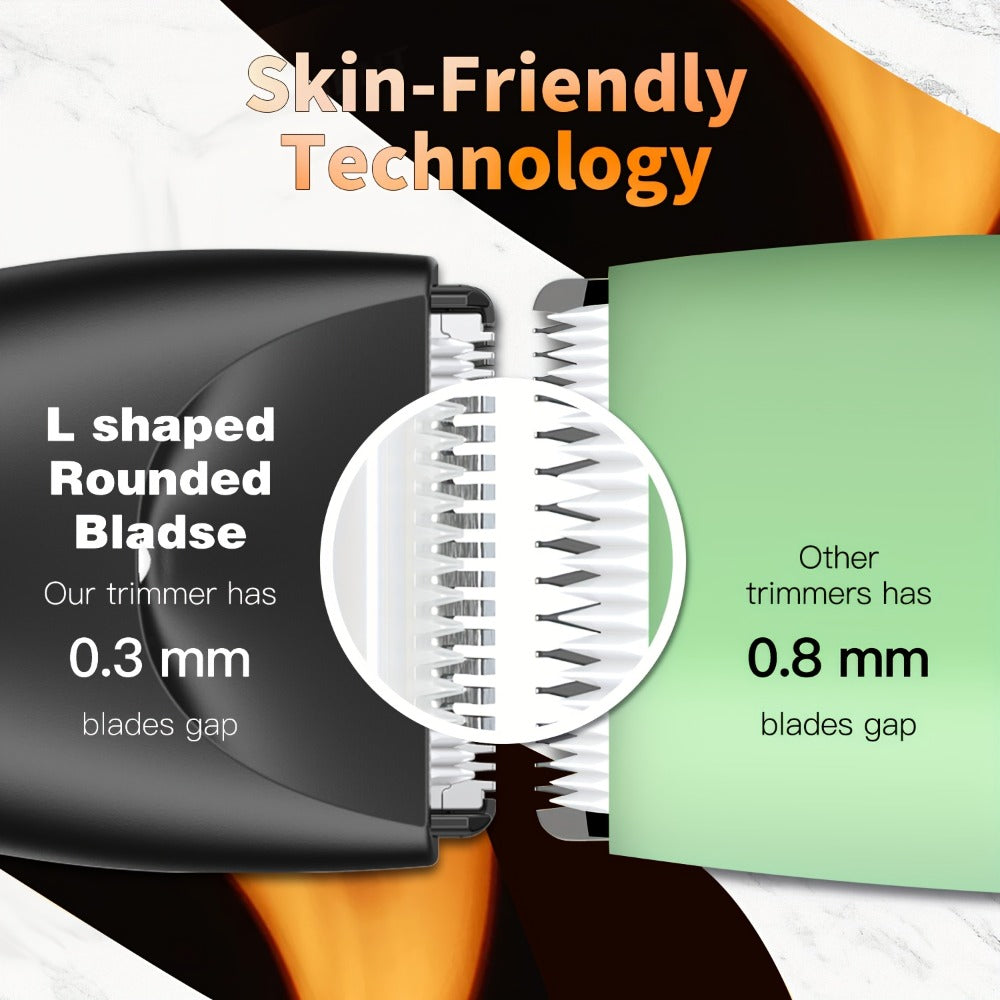 Manscaping Trimmer for Men IPX7 Waterproof Ceramic Blade Electric Groin & Pubic Body Hair Shaver – LCD Battery Display Replaceable Head Safe Grooming Tool, Black Blue White - product image 9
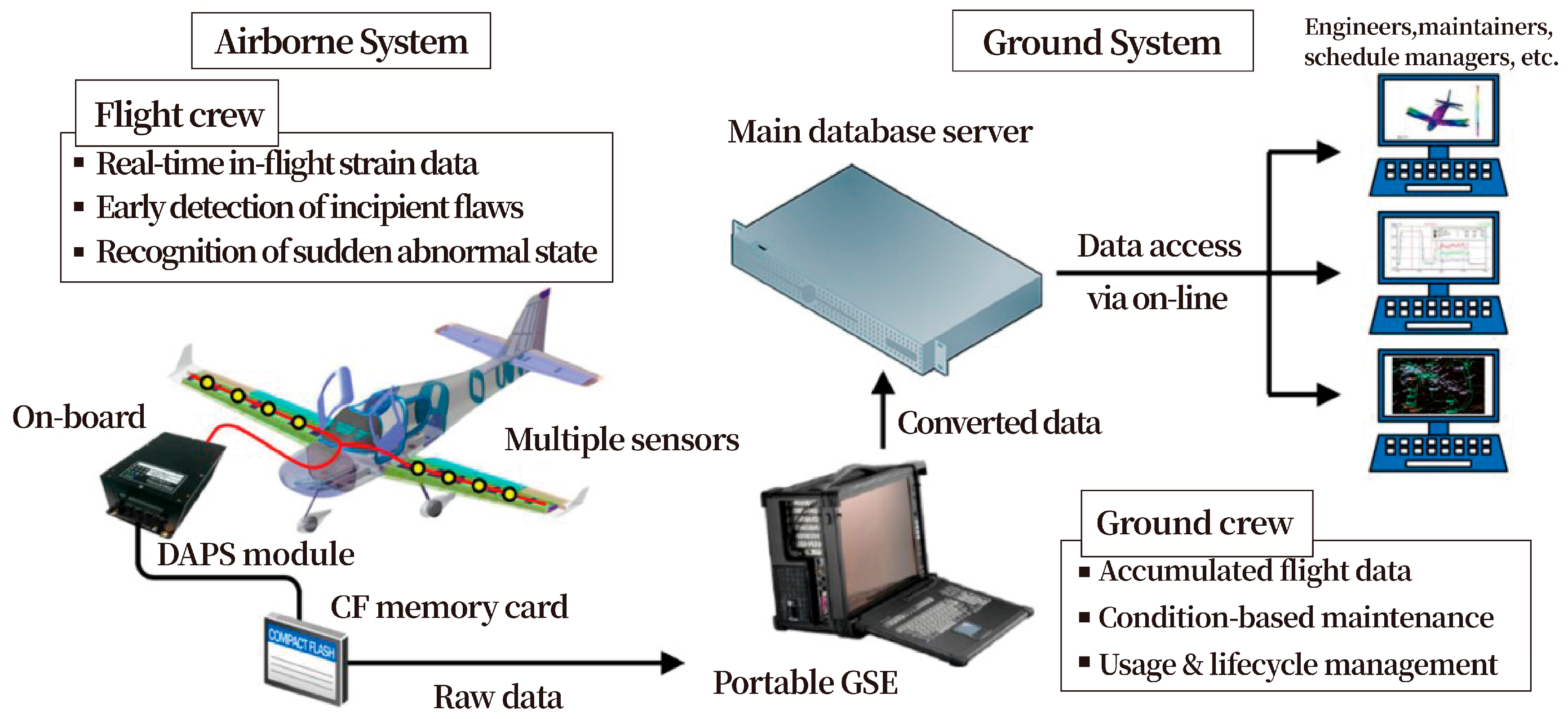 Machines 14 00031 g007
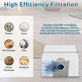 Porzsák, 4 db Ecovacs Deebot T30c, T50-series, T80-series, X8-series, X9 Pro-series
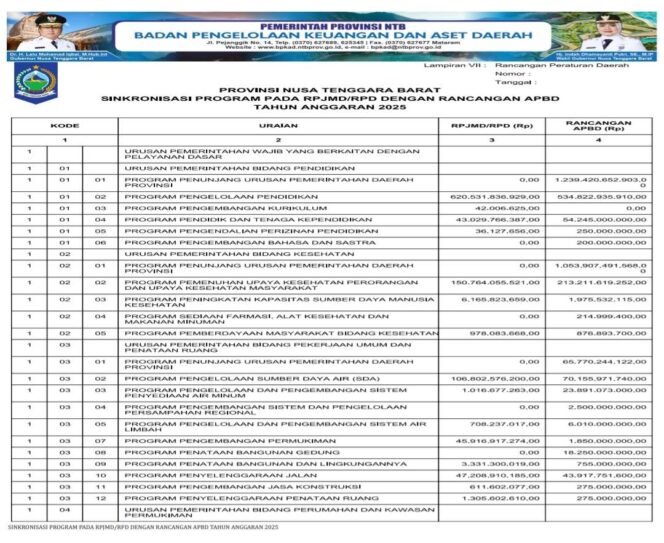 
					SINKRONISASI PROGRAM PADA RPJMD/RPD DENGAN RANCANGAN APBD TAHUN ANGGARAN 2025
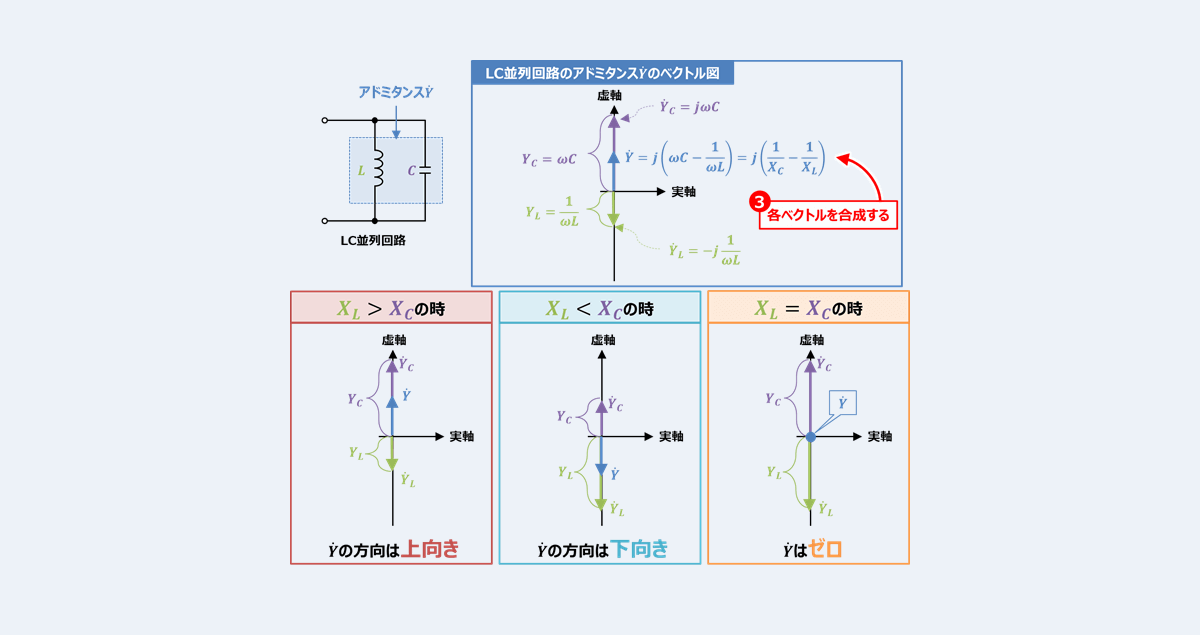 並列点使い方 _ 並列表現 わかりやすい – WIEJI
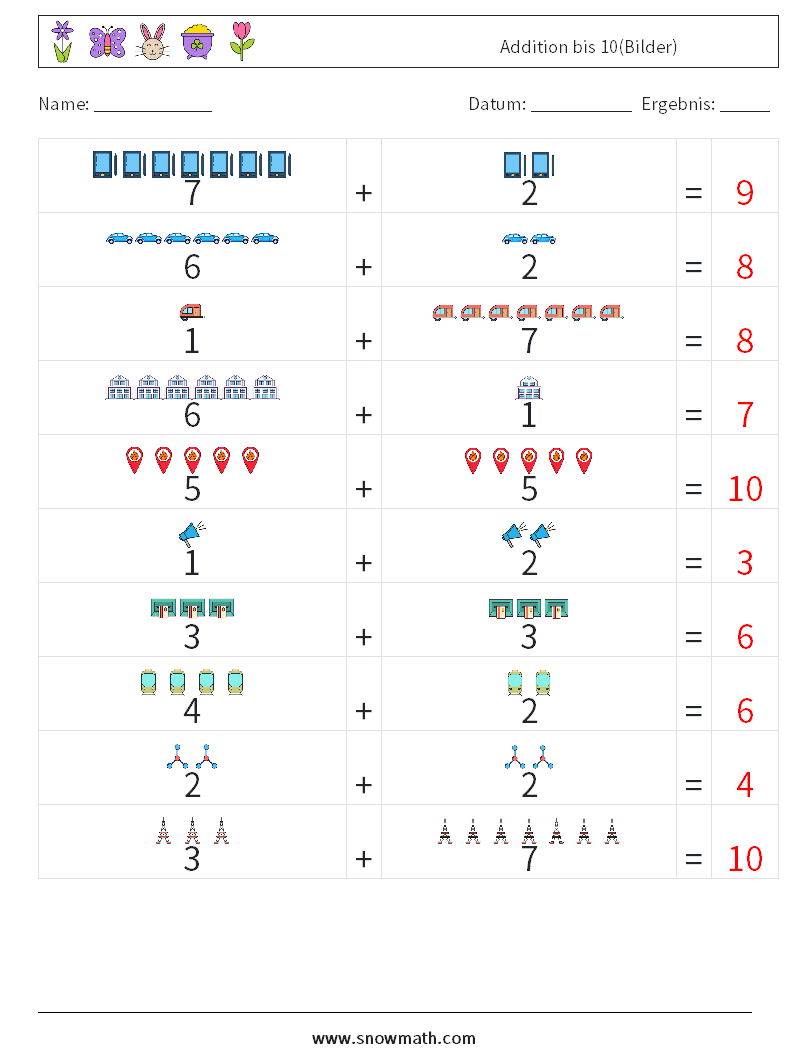 Addition bis 10(Bilder) Mathe-Arbeitsblätter 12 Frage, Antwort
::::::
§ Your goal: Each line from the one with "SINKRONISASI PROGRAM PADA" to the final line of the data above is to be printed exactly; no picture should appear in the copy.

§ Task output:
					SINKRONISASI PROGRAM PADA RPJMD/RPD DENGAN RANCANGAN APBD TAHUN ANGGARAN 2025
 並列点使い方 _ 並列表現 わかりやすい – WIEJI
 Addition bis 10(Bilder) Mathe-Arbeitsblätter 12 Frage, Antwort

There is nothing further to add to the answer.